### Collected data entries
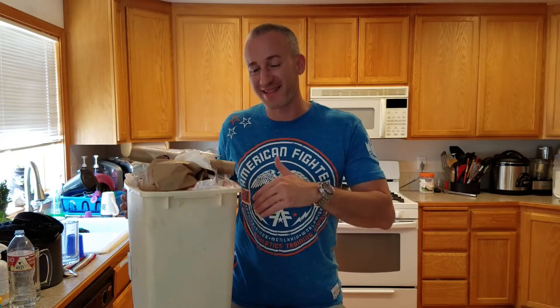Hey everybody, it's Scott Estes. Today I wanted to teach you a really simple tip that my mom taught me. Every one of us has a garbage can, and I don't know about you, but I personally am disgusted when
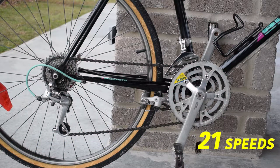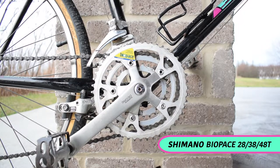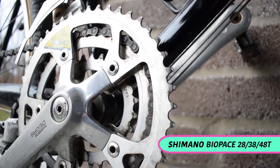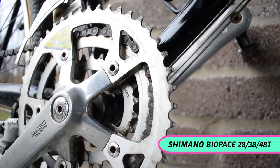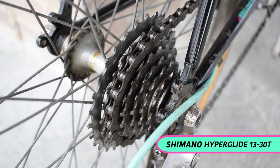The 21-speed drivetrain comprises a triple chainset with 28, 38, and 48-tooth chain rings, and a 7-speed cassette ranging from a low 30-tooth cog to a high 13-tooth cog.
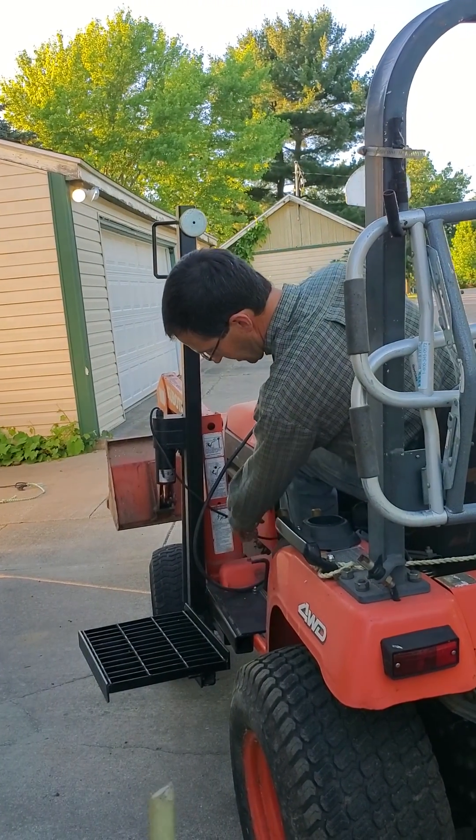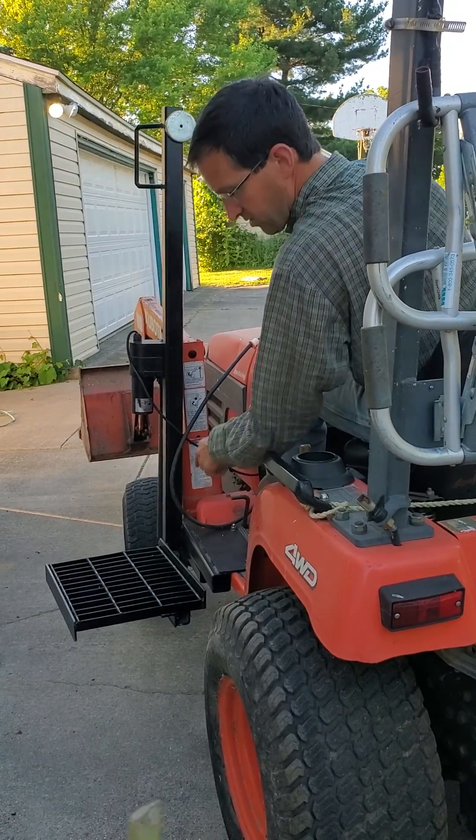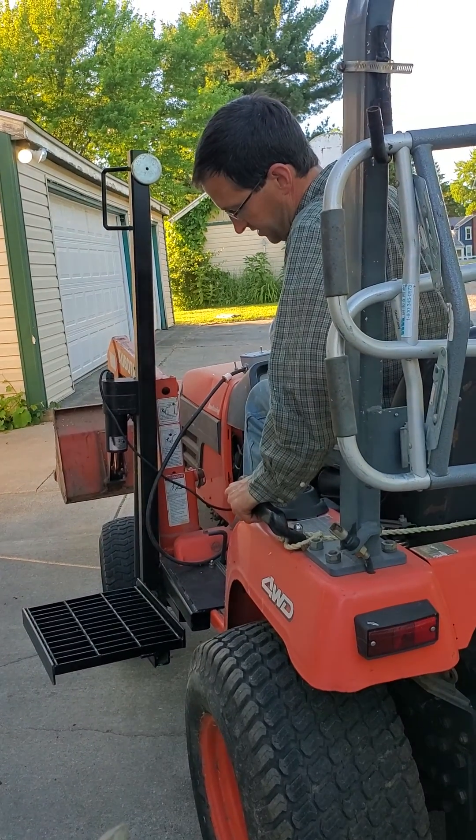So we ended up coming off the loader bracket with a piece of quarter inch, inch and a half by inch and a half square steel tube. And that stiffened it up a lot.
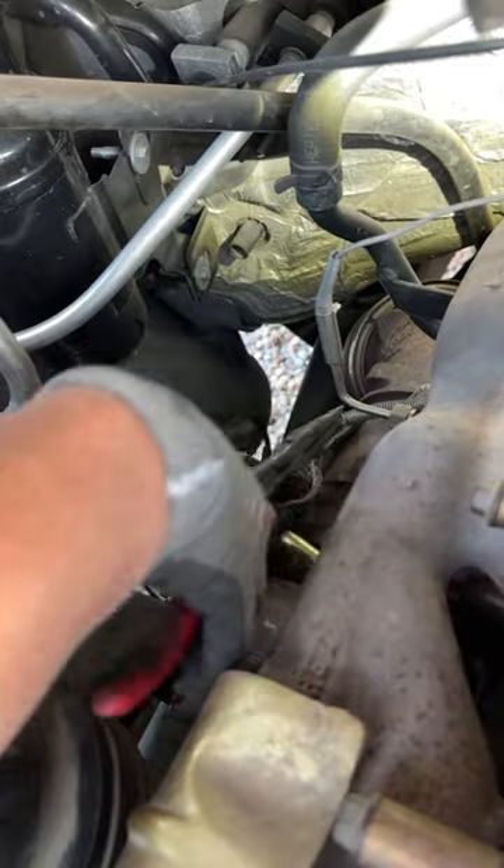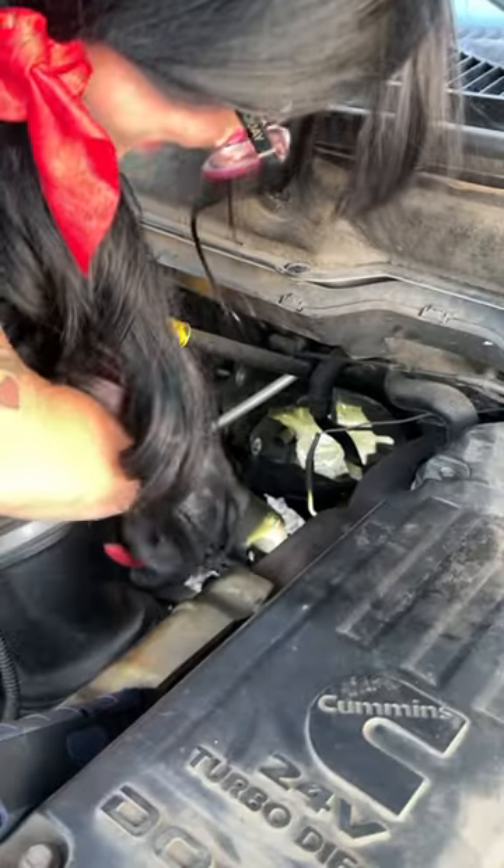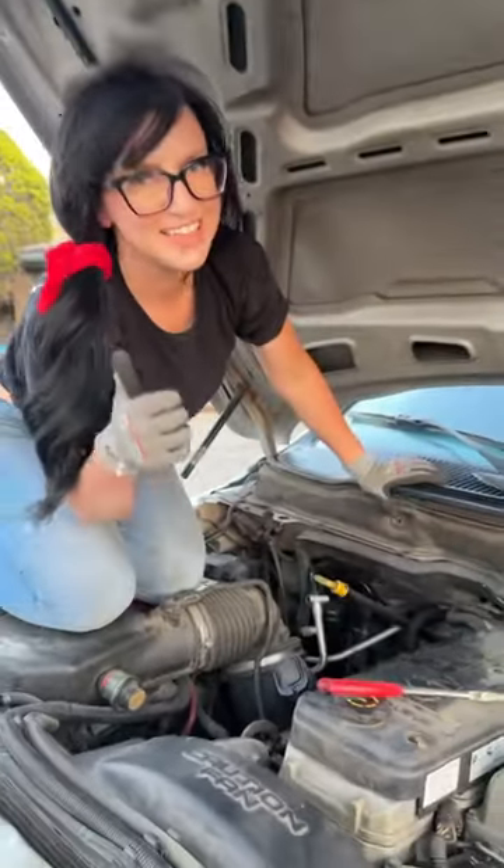I'm going to go ahead and use these springs that hold the turbo blanket into place. And we're set to rock. That was easy.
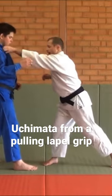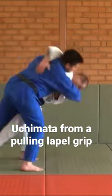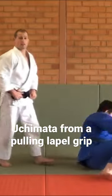So I'm here, and as I pull I'm just going to do a throw now so you can see it. I pull and throw up and over for the Uchimata.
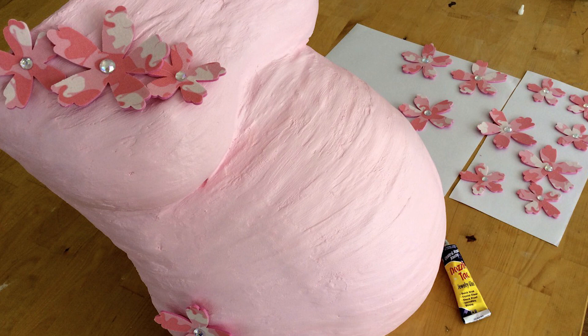Once dry, hang your beautiful custom creation in the baby's nursery for a keepsake that will be treasured for years to come. These products and more are available now at Sandtastic.com.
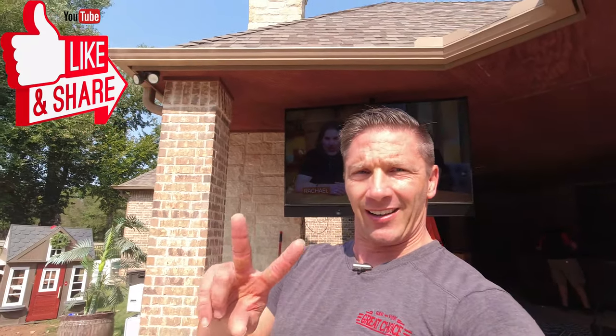Anytime you guys are thinking about doing outdoor audio or outdoor video, give us a call. Let us design it and put the right products outside so you can enjoy them more — they're going to last for years. Leave any questions or comments down below, subscribe — love you guys, until next time, see ya!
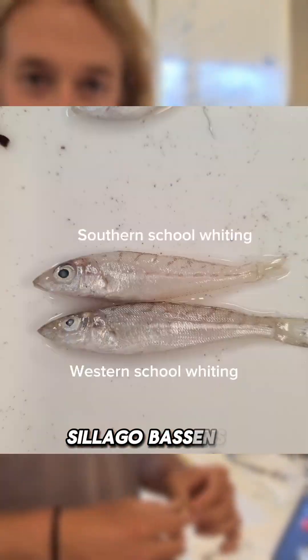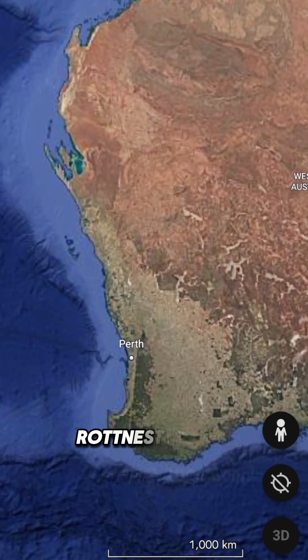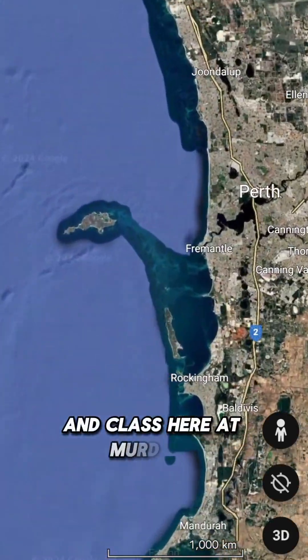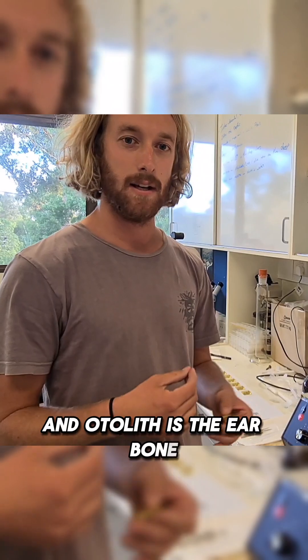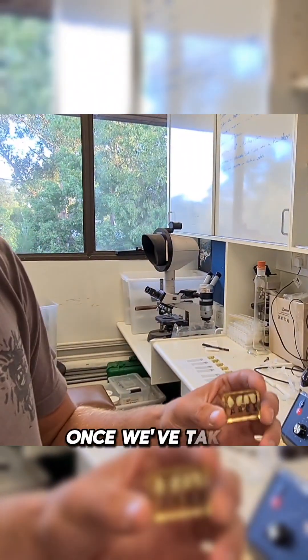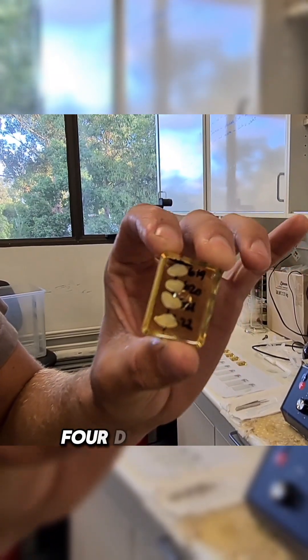The fish we're ageing is Sillago pacensis, which is the southern school whiting. These fish were caught off Rottnest Island, and a class here at Murdoch sectioned the otoliths out. The otolith is the ear bone inside a fish. Once we've taken the otolith out, we've put it inside some resin — we've got four different otoliths, so that's four different fish.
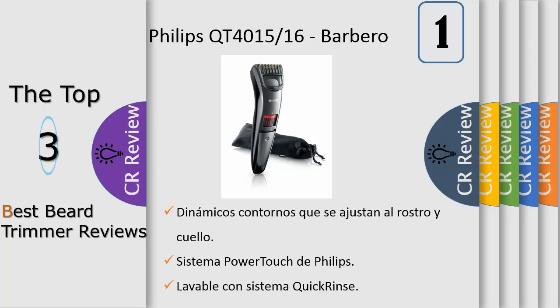Easy to use: 60 minutes of cordless use after a one-hour charge. Can be used both corded and cordless.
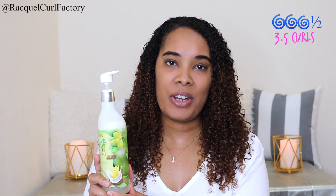I do like this packaging. I like the pump that it comes in, so the rating I'm going to give this for packaging is 3.5 out of 5 — that's 3.5 curls.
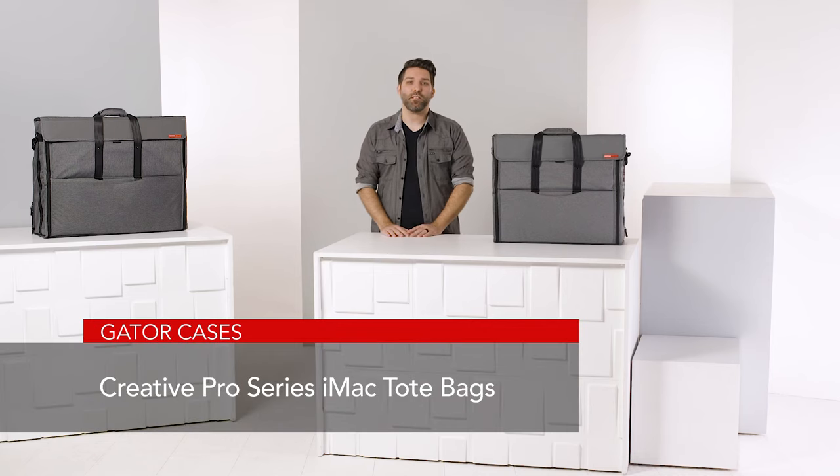Overall, if you're going to be transporting your iMac, these tote bags have everything you need for function, mobility, and protection.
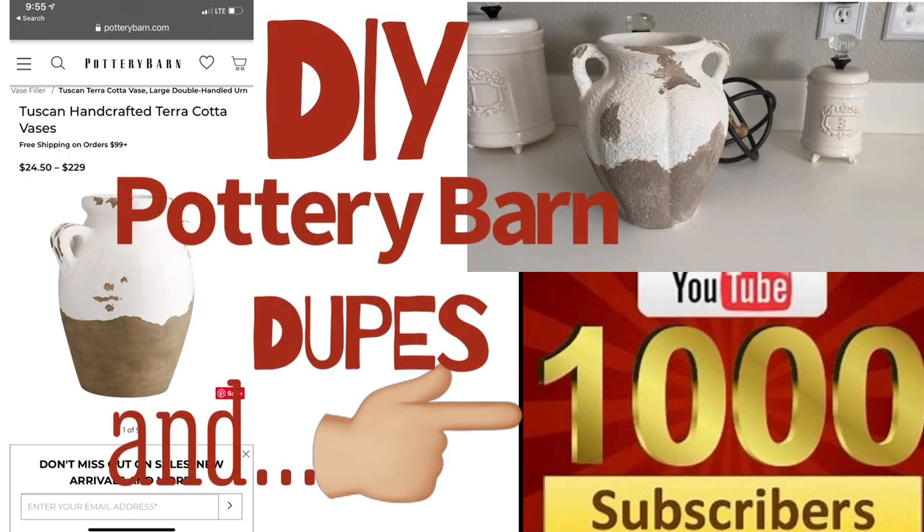Hi guys, today we're doing some DIY Pottery Barn inspired dupes. So let's get started.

### What is expected
Take the lines from the start of the entries through the line containing "So we ended" and set them down exactly, leaving out every picture.

### Expected answer
Hey everybody, it's Scott Estes. Today I wanted to teach you a really simple tip that my mom taught me. Every one of us has a garbage can, and I don't know about you, but I personally am disgusted when
The 21-speed drivetrain comprises a triple chainset with 28, 38, and 48-tooth chain rings, and a 7-speed cassette ranging from a low 30-tooth cog to a high 13-tooth cog.
So we ended up coming off the loader bracket with a piece of quarter inch, inch and a half by inch and a half square steel tube. And that stiffened it up a lot.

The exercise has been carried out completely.